**Action item**
Give back, exactly as written, the lines of the listing from the top through the line holding "PCI1348 PATRON Катушка зажигания (фото 1)", and nothing more. Exclude pictures.

-- Records for the task follows --

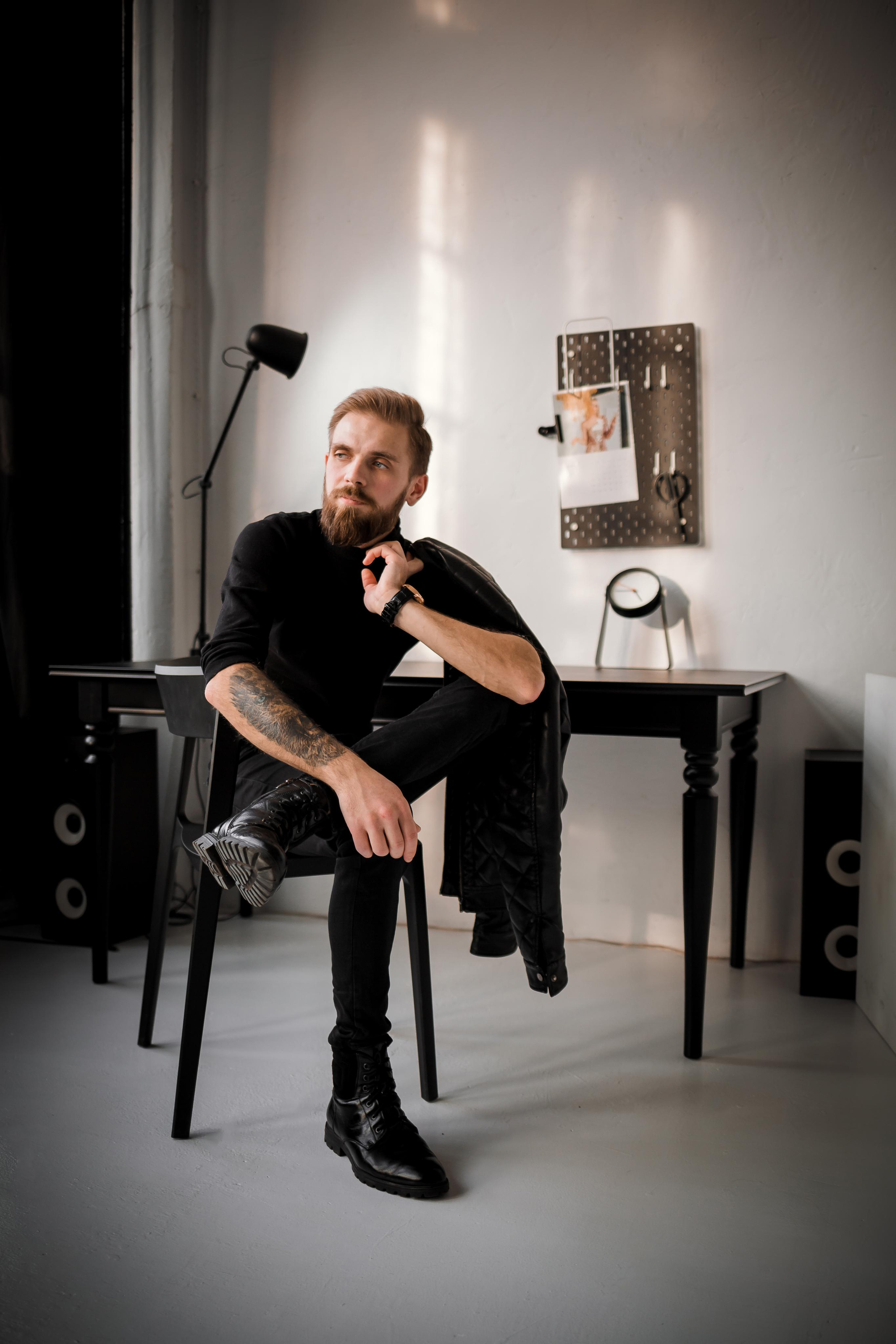 Артур + Вероника. Wedband.by Свадебный фотограф Анатолий Матюшонок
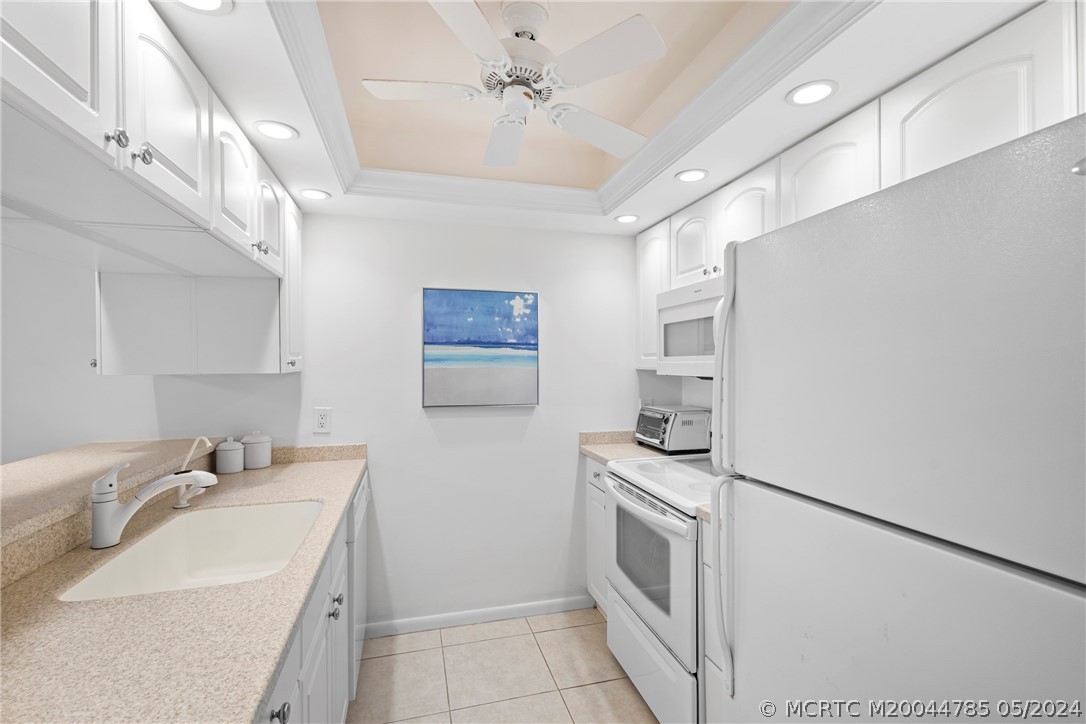 40 NE Plantation Road 202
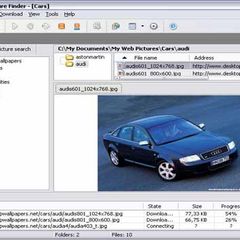 screenshot_ce41f6c1cc4beb73.jpg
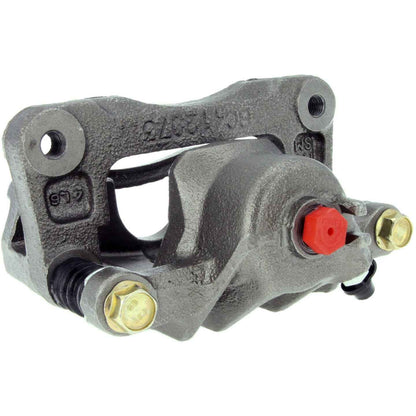Centric Parts Disc Brake Caliper with anti‑corrosion finish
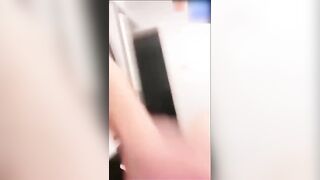 魔都超模轮奸发泄九头身巨乳超模淫乱全录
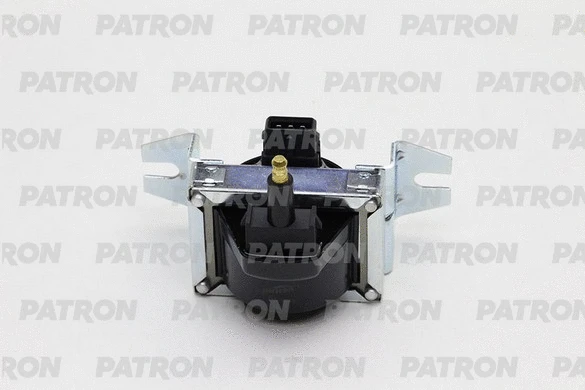 PCI1348 PATRON Катушка зажигания (фото 1)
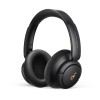 Anker Soundcore | Headphones | Life Q30 | Bluetooth | Over-ear | Microphone | Wireless | Black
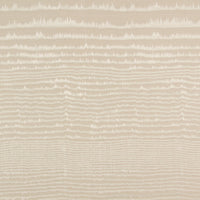 Zimmer + Rohde Lagoon 892 Fabric 10750892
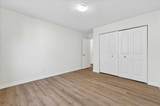 635 57 Avenue - Photo 14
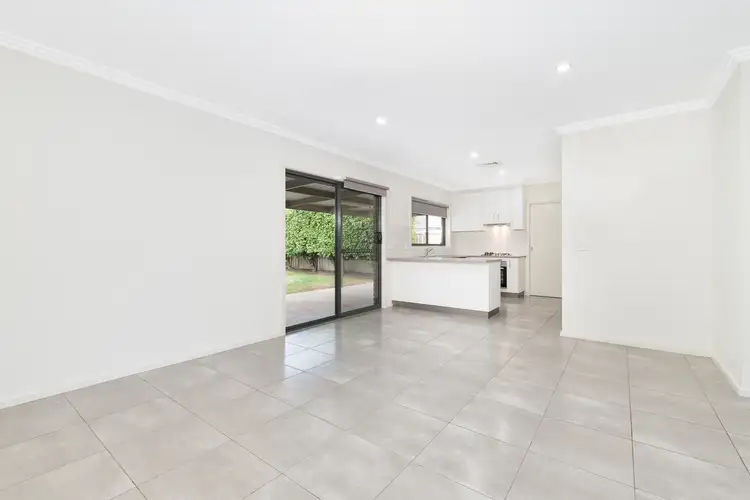 Fifth view of Homely house listing, 18 Lavender Rise, Red Cliffs VIC 3496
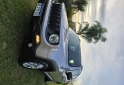 Camionetas - Jeep Renegade sport 1.8manual 2021 Nafta 85000Km - En Venta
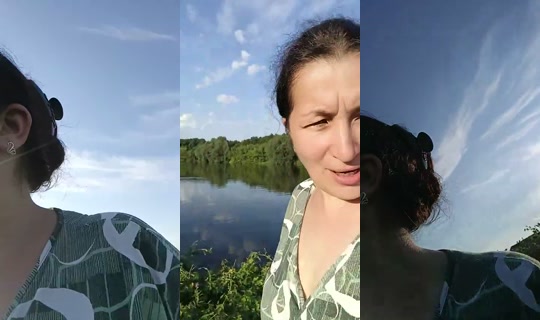 667526076 Bigo Live — Jul 22, 2026, 2:50 PM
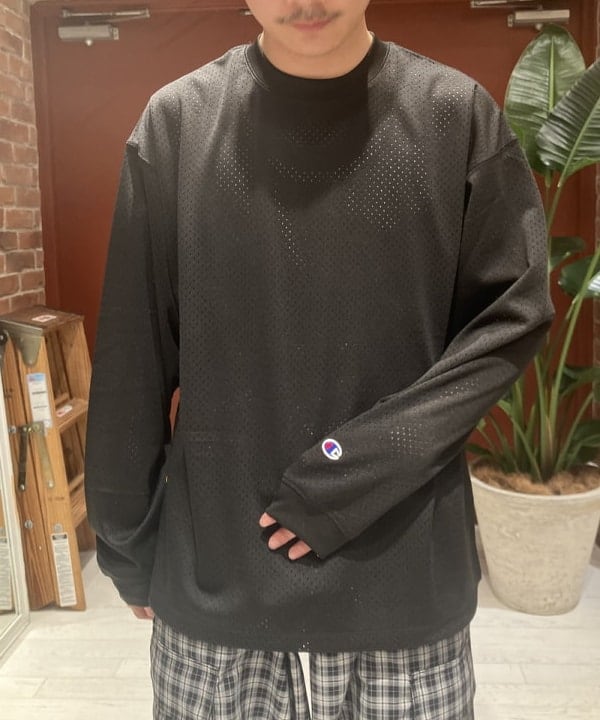 ハルさんの「BEAMS WOMEN｜【別注】FRED PERRY / ハリントンジャケット 25SS」を使ったコーディネート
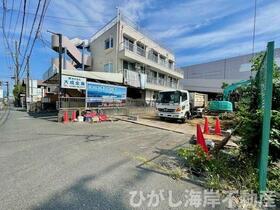 神奈川県茅ヶ崎市下町屋１丁目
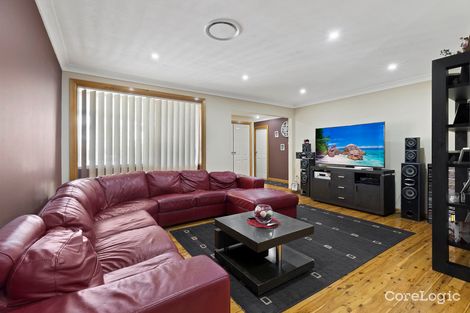 Property photo of 6 Edwin Place Liverpool NSW 2170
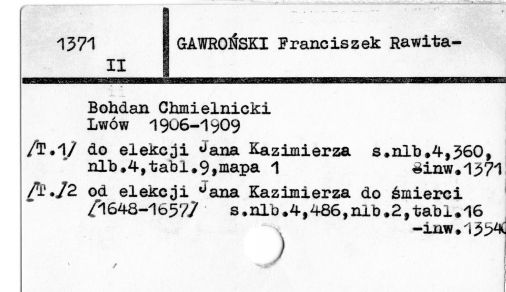 0034-0260.jpg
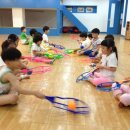 극동유치원 이미지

-- Records for the task concluded --

**Your response**
 Артур + Вероника. Wedband.by Свадебный фотограф Анатолий Матюшонок
 40 NE Plantation Road 202
 screenshot_ce41f6c1cc4beb73.jpg
Centric Parts Disc Brake Caliper with anti‑corrosion finish
 魔都超模轮奸发泄九头身巨乳超模淫乱全录
 PCI1348 PATRON Катушка зажигания (фото 1)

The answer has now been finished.